:: TASK INSTRUCTIONS ::
Whenever a line in the data holds the string "Vanity", pull that line out.
· · · ·
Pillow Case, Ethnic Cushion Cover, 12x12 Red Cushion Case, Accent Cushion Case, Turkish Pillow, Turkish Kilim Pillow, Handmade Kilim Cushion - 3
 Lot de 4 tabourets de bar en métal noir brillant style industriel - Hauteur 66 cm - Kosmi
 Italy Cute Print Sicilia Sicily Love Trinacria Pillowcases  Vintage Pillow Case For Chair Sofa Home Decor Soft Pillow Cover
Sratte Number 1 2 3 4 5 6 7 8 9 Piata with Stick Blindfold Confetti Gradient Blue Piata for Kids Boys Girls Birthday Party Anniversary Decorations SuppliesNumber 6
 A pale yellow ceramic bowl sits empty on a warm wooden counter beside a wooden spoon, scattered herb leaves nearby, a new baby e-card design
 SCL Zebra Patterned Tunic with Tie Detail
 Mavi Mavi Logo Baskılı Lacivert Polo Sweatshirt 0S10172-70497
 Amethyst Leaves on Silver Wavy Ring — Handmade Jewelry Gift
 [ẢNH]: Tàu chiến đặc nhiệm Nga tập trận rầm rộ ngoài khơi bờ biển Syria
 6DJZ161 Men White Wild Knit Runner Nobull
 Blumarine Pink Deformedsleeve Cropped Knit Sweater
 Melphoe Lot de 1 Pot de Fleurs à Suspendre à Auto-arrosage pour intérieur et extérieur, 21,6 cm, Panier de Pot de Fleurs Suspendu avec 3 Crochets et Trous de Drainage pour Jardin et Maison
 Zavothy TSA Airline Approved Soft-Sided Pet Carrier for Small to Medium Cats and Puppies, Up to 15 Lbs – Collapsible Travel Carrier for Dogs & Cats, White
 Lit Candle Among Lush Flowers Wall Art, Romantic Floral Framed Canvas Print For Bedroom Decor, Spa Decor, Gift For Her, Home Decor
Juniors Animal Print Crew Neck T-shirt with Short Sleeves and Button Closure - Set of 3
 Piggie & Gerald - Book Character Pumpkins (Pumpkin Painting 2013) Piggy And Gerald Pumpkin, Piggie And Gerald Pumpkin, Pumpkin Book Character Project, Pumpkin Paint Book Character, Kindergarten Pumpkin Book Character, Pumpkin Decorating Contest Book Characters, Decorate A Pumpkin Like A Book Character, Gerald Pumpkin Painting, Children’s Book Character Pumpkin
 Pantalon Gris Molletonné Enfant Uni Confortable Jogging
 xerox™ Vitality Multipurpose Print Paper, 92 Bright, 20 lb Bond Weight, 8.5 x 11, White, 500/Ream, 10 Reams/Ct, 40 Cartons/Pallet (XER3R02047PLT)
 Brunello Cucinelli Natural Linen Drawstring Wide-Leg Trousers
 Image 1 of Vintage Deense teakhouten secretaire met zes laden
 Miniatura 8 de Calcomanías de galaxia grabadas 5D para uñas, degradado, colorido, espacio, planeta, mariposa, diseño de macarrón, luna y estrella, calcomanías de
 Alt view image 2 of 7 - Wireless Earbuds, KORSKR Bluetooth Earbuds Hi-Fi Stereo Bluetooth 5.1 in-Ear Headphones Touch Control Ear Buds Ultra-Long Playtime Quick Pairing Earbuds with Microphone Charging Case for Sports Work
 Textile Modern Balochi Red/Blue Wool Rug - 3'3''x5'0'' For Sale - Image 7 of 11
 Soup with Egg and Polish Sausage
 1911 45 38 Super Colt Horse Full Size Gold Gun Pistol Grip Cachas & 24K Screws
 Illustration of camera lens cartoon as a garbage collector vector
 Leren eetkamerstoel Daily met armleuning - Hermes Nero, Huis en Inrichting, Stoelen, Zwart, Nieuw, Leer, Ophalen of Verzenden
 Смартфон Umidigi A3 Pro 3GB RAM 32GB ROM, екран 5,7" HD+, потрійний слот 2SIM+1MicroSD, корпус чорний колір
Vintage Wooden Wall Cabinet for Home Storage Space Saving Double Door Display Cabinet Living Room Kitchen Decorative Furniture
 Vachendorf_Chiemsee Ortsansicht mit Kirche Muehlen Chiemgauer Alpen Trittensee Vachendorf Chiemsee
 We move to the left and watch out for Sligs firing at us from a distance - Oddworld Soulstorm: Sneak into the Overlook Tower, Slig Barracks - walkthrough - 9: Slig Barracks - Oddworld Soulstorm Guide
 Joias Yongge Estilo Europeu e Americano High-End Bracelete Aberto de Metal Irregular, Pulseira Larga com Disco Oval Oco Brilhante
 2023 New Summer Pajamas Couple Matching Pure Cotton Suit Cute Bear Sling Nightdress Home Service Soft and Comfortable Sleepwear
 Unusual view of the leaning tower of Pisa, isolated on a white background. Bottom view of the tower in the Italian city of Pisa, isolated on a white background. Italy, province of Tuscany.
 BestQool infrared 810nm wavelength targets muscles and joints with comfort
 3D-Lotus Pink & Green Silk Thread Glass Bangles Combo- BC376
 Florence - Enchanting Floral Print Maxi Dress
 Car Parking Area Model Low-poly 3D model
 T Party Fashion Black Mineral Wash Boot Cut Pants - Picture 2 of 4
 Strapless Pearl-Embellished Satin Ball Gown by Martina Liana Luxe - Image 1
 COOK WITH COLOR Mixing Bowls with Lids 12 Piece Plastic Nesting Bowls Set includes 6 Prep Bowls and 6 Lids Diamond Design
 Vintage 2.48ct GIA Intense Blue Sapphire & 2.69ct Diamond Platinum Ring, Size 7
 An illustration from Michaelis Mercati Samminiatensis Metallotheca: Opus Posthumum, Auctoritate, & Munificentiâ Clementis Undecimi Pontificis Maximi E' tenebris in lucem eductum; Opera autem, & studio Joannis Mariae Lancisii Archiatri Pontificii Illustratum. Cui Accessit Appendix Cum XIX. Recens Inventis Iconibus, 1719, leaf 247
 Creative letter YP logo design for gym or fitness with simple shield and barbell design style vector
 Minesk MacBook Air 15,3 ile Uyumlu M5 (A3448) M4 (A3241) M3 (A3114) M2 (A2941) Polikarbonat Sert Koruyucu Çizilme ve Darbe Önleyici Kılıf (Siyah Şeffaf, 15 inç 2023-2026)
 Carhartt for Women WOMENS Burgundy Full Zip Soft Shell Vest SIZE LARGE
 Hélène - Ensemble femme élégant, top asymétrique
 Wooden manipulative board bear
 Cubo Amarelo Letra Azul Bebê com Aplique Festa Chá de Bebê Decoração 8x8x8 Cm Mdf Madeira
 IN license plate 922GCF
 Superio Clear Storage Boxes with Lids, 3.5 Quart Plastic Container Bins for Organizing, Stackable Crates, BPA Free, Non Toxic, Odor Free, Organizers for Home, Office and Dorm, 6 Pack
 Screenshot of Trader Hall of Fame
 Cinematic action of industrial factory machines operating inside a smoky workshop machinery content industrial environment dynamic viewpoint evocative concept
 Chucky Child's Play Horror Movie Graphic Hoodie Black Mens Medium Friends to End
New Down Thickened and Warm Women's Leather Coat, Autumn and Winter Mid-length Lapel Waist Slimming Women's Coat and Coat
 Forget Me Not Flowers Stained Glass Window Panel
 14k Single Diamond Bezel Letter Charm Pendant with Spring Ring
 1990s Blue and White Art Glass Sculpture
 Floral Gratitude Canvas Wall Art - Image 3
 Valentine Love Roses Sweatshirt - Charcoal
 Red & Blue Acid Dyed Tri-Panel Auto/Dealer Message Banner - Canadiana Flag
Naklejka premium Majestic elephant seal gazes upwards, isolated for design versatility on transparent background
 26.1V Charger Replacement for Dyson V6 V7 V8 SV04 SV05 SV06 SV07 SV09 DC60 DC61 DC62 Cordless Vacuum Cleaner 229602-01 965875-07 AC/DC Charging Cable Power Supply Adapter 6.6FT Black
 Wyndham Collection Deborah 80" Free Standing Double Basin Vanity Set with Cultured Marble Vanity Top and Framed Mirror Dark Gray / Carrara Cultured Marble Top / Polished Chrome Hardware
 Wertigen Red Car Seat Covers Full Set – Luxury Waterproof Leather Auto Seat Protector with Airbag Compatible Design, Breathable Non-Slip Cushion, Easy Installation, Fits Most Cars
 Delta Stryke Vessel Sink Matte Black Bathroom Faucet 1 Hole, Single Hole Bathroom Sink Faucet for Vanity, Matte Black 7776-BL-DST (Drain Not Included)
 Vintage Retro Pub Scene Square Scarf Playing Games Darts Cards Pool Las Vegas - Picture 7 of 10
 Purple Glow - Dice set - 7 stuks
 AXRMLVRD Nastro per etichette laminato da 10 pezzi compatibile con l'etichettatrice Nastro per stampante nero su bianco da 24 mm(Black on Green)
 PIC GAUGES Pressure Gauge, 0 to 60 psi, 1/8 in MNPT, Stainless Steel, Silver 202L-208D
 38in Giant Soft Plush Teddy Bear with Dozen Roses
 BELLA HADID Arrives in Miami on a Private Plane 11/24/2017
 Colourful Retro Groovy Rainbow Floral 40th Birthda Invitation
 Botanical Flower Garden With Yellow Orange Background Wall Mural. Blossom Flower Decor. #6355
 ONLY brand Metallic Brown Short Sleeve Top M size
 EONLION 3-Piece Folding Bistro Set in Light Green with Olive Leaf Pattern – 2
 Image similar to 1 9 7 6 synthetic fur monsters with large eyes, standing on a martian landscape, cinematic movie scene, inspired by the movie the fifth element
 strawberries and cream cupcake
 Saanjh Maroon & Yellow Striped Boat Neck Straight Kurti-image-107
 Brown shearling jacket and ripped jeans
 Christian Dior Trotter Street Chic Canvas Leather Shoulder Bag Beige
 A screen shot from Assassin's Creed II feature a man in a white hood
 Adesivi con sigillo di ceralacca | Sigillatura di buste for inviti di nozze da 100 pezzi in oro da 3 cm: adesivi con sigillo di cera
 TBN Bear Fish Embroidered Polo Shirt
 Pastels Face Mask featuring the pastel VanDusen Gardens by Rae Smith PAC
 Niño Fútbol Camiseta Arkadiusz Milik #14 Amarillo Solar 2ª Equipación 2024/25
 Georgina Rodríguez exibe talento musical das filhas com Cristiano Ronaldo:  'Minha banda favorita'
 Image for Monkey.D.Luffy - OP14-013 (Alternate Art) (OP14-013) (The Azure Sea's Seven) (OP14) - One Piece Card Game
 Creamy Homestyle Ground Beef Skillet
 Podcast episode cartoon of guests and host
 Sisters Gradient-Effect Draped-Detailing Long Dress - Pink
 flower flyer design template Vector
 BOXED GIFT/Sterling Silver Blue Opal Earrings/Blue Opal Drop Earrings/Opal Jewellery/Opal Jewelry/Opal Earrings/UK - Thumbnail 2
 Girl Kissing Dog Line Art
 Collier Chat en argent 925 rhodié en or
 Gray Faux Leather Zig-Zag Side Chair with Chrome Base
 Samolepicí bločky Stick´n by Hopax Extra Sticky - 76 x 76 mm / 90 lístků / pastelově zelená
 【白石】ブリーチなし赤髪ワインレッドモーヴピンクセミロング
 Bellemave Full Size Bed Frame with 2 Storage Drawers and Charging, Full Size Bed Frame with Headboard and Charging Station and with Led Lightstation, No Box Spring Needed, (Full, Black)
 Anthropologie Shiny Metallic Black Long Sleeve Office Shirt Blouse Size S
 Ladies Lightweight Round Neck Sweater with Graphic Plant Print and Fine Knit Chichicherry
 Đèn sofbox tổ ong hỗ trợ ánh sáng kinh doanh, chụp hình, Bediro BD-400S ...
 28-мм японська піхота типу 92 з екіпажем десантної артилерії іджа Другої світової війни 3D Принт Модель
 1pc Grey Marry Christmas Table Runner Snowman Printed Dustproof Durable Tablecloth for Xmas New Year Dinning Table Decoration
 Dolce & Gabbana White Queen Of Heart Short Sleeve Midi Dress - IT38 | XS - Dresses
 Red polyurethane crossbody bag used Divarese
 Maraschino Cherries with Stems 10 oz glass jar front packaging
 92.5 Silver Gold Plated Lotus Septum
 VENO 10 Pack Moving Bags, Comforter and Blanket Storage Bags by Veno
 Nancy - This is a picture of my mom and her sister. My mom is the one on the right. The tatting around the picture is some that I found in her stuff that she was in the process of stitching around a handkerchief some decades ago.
· · · ·
:: RESULT OF THIS EXERCISE ::
 Wyndham Collection Deborah 80" Free Standing Double Basin Vanity Set with Cultured Marble Vanity Top and Framed Mirror Dark Gray / Carrara Cultured Marble Top / Polished Chrome Hardware
 Delta Stryke Vessel Sink Matte Black Bathroom Faucet 1 Hole, Single Hole Bathroom Sink Faucet for Vanity, Matte Black 7776-BL-DST (Drain Not Included)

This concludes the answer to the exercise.